Although some people explain away the fact that they don’t visit by the excuse that they have too little time, most -would somehow find it if they were given £100 for each visit. The problem we all have with time is not how little we have, but how we choose to use it.
Of all the solutions that people try in order to reduce the pressure of time, there seem to me to be several worth remembering:
If you have a number of hobbies but never seem to get to grips with any of them, decide which is your favourite and concentrate on that. Having a low golf handicap will be more pleasurable to you than trying half a dozen other activities and hacking around a golf course each weekend. Make priorities for your leisure time. If you are taking up a certain sport, make sure you know how much time it will involve.
Rather than have work spill over into your leisure time, target two days in the week when you will accept a longer working day, but leave work on time the rest of the week. Keep work pollution of your free time to a minimum.
Starting on a Monday morning, make a diary of what you do each day for a week. Plan to spend 30-40 per cent of your time at work, 30-40 per cent at home with family or friends, and put the rest aside for yourself. If work is taking up more than this, there may be little you can do about it -these are the hours you need to work to survive financially.
It is patronizing to tell people in these situations to spend less time at work. If they could, they would. What such people need to do is view each non-working hour as priceless and spend it on something that is important. This may be family, following a football team, or watching television.
Whatever it is, once you have decided what is important you should not feel anxious about spending time on it.
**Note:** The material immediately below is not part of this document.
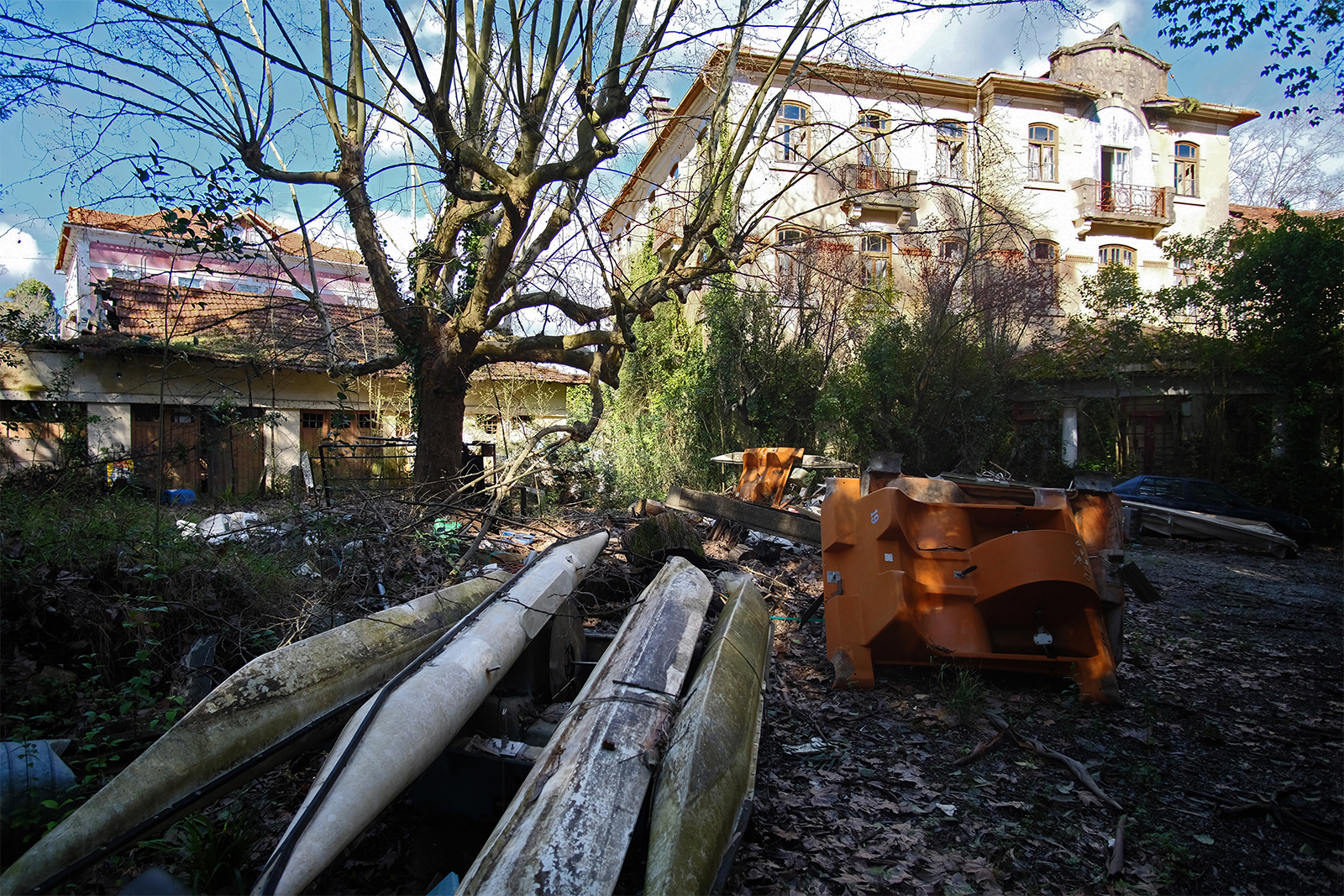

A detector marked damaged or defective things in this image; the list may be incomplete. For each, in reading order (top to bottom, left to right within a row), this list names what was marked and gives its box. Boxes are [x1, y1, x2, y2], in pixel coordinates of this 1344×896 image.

Our lives change. Babies, new relationships and everyday stresses and strains mean we must be flexible about time. There are often occasions when individual preferences have to be sacrificed in the short term – for example when a partner is ill, or financial belts need to be tightened during a crisis.
View these as temporary measures and remember to look at the big picture — life is a marathon, not a 100-metre sprint.
You would not hand out money you cannot afford, so do not squander your most precious asset – time. It waits for no one. A dying millionaire told me he would burn all his money to be able to regain the time he had wasted. He had acted on the belief that there was always another day, and another after that, so he had never done all the things he wanted to, and now never would.
The old cliche of time waiting for no man was his epitaph.